When Dorothy and her friends finally reach the hall of the Great and Powerful Oz, Toto uncovers the truth behind the curtain, as there stands a flustered man trying his best to give the illusion that Oz is in control and capable of solving their individual problems ~ a trip home, a heart, a brain and courage. As the well-known story draws to a conclusion, the reader/audience joins Dorothy in her discovery that she had the answer all along and that with each obstacle that she encountered in her journey, she not only became more determined for herself, but she started to feel responsible for the dreams of the Scarecrow, Tinman and Lion.

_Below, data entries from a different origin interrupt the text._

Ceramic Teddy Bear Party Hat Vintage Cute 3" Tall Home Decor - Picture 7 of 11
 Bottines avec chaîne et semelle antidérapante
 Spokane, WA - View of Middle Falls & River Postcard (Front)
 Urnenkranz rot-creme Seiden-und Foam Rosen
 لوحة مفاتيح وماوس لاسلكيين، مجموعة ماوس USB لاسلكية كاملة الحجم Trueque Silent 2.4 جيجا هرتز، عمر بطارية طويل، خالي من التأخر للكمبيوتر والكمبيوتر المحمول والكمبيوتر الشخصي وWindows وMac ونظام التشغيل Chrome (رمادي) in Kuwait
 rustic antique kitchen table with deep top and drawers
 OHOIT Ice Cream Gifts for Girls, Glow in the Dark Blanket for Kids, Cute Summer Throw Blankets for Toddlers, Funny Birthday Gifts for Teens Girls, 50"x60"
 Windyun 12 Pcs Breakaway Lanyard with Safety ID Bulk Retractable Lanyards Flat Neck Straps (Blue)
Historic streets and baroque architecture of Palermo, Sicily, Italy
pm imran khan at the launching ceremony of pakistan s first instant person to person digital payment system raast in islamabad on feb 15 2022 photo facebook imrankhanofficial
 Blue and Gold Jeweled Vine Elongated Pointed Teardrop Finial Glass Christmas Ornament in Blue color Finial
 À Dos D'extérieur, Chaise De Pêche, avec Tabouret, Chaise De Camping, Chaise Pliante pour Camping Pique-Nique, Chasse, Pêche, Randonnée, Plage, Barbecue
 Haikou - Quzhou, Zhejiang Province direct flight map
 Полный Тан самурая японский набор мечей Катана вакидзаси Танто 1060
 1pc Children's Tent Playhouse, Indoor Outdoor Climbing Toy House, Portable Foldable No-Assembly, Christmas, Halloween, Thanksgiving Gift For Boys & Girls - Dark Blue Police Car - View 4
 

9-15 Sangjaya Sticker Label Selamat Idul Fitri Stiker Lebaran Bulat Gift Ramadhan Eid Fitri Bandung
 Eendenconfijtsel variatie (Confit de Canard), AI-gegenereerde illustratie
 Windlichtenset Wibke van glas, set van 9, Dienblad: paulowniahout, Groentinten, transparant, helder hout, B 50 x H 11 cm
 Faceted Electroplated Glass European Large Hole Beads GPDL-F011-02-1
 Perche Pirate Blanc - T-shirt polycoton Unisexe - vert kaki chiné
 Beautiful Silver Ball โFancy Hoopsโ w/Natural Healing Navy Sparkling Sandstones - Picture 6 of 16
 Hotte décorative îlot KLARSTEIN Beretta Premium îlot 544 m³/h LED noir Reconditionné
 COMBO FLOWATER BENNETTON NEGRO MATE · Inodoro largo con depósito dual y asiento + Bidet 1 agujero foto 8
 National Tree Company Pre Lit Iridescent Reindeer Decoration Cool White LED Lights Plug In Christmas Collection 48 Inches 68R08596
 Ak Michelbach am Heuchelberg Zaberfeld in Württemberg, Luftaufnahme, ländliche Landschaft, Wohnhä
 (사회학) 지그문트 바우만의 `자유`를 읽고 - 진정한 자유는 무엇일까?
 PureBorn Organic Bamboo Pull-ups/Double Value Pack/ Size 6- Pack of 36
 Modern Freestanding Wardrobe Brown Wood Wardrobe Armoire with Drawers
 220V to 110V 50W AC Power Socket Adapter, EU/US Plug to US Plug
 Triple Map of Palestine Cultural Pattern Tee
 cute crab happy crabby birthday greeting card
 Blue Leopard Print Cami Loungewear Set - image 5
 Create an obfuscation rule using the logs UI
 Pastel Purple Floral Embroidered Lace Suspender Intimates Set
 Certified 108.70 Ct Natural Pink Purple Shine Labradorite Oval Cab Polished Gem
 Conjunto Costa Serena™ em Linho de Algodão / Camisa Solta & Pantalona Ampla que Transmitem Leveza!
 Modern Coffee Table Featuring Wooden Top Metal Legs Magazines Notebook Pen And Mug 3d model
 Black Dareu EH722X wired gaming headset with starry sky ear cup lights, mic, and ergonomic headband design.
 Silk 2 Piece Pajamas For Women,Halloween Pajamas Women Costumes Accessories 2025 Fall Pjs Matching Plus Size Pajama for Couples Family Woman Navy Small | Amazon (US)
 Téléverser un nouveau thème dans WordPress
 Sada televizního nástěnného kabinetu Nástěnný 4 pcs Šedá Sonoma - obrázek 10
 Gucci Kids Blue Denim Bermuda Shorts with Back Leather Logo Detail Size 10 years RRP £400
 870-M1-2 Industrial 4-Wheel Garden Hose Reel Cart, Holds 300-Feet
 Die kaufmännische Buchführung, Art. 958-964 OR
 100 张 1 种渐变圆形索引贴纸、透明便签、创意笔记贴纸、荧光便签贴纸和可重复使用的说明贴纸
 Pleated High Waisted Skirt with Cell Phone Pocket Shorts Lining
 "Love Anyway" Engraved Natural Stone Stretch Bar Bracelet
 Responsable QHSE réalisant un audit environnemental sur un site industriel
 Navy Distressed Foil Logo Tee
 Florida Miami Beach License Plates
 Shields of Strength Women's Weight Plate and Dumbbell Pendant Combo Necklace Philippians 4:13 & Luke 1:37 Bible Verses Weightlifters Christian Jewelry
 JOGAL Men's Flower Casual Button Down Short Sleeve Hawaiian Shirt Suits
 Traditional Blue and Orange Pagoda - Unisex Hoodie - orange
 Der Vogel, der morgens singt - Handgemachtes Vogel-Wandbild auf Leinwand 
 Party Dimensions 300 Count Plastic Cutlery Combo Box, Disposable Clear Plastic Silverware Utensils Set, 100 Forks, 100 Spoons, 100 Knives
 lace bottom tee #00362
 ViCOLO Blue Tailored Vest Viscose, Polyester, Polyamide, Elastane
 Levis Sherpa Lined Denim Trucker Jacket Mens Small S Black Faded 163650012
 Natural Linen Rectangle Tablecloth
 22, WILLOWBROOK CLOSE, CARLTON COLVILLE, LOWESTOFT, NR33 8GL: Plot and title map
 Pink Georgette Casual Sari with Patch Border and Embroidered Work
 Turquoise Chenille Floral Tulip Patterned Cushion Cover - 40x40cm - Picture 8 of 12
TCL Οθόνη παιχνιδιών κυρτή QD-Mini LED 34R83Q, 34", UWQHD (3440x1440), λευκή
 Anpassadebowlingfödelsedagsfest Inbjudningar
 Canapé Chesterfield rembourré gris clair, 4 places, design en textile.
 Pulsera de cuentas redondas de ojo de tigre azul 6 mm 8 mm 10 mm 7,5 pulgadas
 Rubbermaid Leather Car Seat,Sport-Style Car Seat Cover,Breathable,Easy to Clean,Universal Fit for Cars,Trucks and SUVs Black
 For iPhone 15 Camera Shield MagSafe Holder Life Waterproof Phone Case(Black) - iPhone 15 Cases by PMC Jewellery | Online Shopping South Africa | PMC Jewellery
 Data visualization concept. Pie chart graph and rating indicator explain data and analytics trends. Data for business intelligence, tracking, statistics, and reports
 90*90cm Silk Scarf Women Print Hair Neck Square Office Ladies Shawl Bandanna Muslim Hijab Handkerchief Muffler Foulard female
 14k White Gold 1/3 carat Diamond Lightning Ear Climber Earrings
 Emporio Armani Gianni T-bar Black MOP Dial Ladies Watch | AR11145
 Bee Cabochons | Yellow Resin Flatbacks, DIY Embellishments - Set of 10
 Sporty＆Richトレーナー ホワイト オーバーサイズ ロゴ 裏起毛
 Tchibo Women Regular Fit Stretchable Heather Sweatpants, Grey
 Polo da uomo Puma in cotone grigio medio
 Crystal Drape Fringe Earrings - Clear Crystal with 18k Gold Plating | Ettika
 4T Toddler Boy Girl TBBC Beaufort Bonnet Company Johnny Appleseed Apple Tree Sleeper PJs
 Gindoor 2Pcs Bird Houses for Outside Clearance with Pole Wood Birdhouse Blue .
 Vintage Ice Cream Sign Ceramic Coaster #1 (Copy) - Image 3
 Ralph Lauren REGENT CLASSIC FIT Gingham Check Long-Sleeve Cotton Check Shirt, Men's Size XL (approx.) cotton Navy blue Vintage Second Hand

Sometimes I wonder if we think of our learning organization as the Great and Powerful Oz. Someone/something with the power to show us the answers, lead the way home, provide us with the courage to take the next step and the brainpower to make the right decisions. We do our best to follow the instructions with the hopes of the answers magically appearing. But the reality is that student learning is complex and the components that lead to improved student learning can not be simplified into a “one size fits all” recipe. There is no Great and Powerful Oz with all of the answers, but just like Dorothy and her friends, the answers are within us. As educators, we know what we need to do ~ but the challenge is having the heart and courage to do it. Ensuring that students are learning is hard work. It’s much harder than just imparting knowledge. We need to work our way through various obstacles and gain a deeper empathy for others who are also on this learning journey with us.
Clicking our heels three times, may not get us to where we want to be ~ but believing in ourselves as educators, knowing that what we do (when it’s done intentionally and based in sound pedagogy) will have a positive impact on a student and acknowledging the challenges of others as they make their way on their own journey will get us much closer to the where we need to be.